The Court of Appeal for the Second District of Florida ruled Friday that the arson and defrauding an insurer convictions for a Cape Coral man should be overturned. Jesus Perez was convicted in Lee County after a fire burned his house down. The case was circumstantial: while there was no doubt a fire occurred, there was no direct evidence that Perez started the fire. The Second District simply found that the evidence simply did not show that he started the fire, much less that he did so intentionally. While one of the samples taken by investigators showed the possibility of gasoline, the control sample also showed the same, which indicates that both were contaminated.

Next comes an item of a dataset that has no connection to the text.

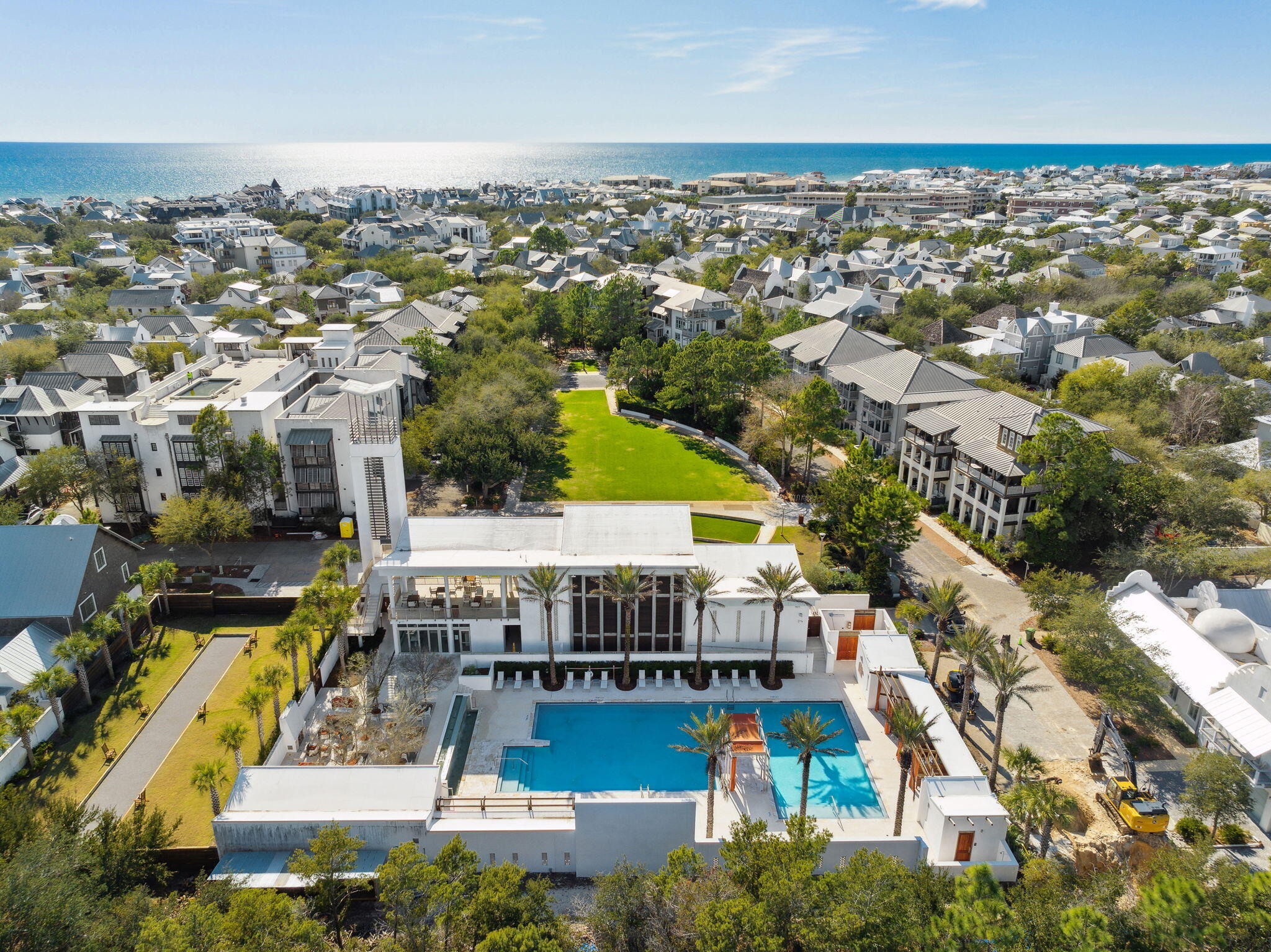 ROSEMARY BEACH PH 2 REPLAT - Residential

How did Mr. Perez end up being convicted, and sentenced to prison, on such thin evidence. The reality of the system is that while defendants are supposed to be innocent until proven guilty, the assumption often works against them. Perez had no way to prove how the fire started. Juries often want to give the state and its investigators the benefit of the doubt. As a society, we want to have faith in the those who are supposed to protect and serve. Unfortunately, that often means the presumption of innocence is more of a nice idea, than a reality. Fortunately for Mr. Perez, the appellate system granted relief in the end.
The State can ask for a rehearing, or appeal the case to the Florida Supreme Court, but barring a major change, the conviction will be reversed. Mr. Perez has already served nearly two years in prison, but is will get him out earlier, and he will not have to serve the 10 years of probation that had been ordered to follow his incarceration. That’s a big win for my friends at Brown, Suarez & Rios, who handled the appeal.